On 1/9/2013 2:42 PM, Michael Foley wrote:
I am not sure I understand the debate on metric data migration with the server up or down.  

Isn't the data migration occuring in context of an RHQ upgrade from one RHQ version to another?  And won't the RHQ server already be down for that RHQ upgrade?
I think the fear is that huge data migration from the RDB to Cassandra may take an unacceptably long amount of down time.  And therefore the question was whether the migration could be done while the RHQ server was up, offloading data while new data came in such that a large % of data could move before having to take the system down.  By disabling the data purge job this could maybe happen somewhat safely for the most of the data tables maybe.  But no matter how you slice it it will complicate things.

I think the hope will be that a quiet environment, only reads from the DB, and the usual fast writes from Cassandra, will make it feasible to migrate with the system down in a reasonable amount of time.


If the data is going to be migrated while the server is up ....are we saying that an existing version of RHQ can switch to a Cassandra back end?  
To be clear, no.  This would just be in preparation for the impending upgrade, no matter how it is done.

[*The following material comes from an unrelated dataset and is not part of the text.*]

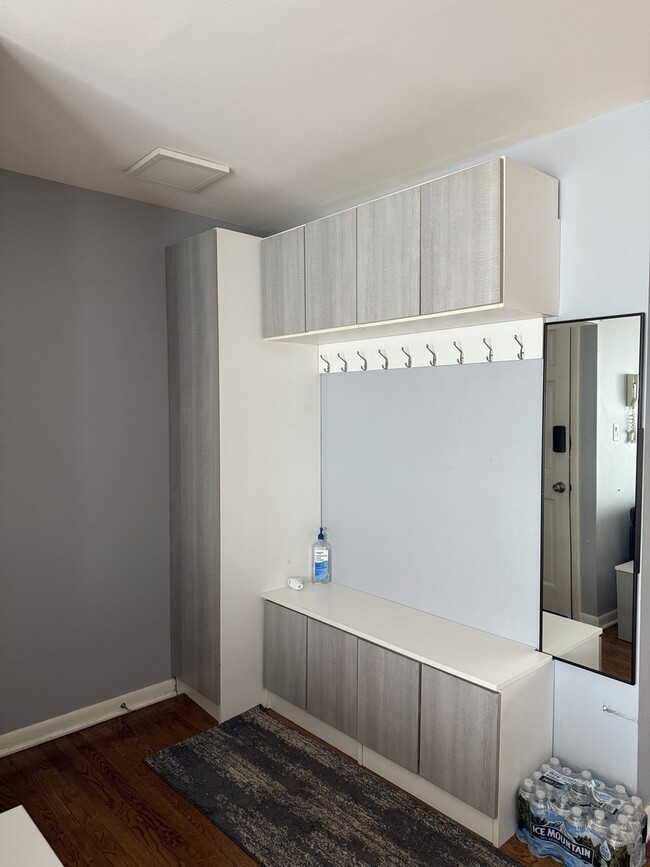 Photo - 1710 Dempster St Unidad A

Additionally ... I have some concerns that a data migration on a running server that is collecting metrics is something that can be verified easily.




From: "John Sanda" <jsanda@redhat.com>
To: rhq-users@lists.fedorahosted.org
Cc: rhq-devel@lists.fedorahosted.org
Sent: Wednesday, January 9, 2013 2:32:24 PM
Subject: Re: Metrics Migration Tool - Cassandra


On Jan 9, 2013, at 1:37 PM, Charles Crouch <ccrouch@redhat.com> wrote:

>
>
> ----- Original Message -----
>> After some lengthy discussion with Stefan, I think the migration tool
>> needs to be run while the server is offline or possibly in
>> maintenance mode. The best time to run the tool would be prior to
>> running the RHQ installer. A problem with doing the data migration
>> while the server is running is that we could wind up with skews in
>> the aggregate data. The easiest and fastest way to ensure data is
>> consistent for both pre- and post-upgrade is to run the data
>> migration while the server is down.
>
> Whether this approach is feasible or not could very well depend on the speed of the migration
> -How long does our normal upgrade take today? I'm not aware of folks saying that was too long
> -If it takes hours/days to move data during upgrade then that may simple not be an option. Could a portion of the data be moved while the server is live?

If we do the data migration while the RHQ server is up, we potentially have to deal with the following:

* the migration is going to take longer than if we do it while the server is down
* there is a good possibility of data skew with aggregate data
* we may have to disable baseline alerting until the migration is finished

If we do the data migration while the server is down, then:

* the migration will run faster than it would if run while the server is up
* there is possibility of data skew
* the upgrade process, i.e, the amount of time the server is down might be longer than if we do migration while the server is up

At this point, all we can do is speculate about how long the migration will actually take until we do some load testing. If we find that the migration is taking longer than we would like, another option could be to explore using the bulk import/export utilities provided by each of the databases.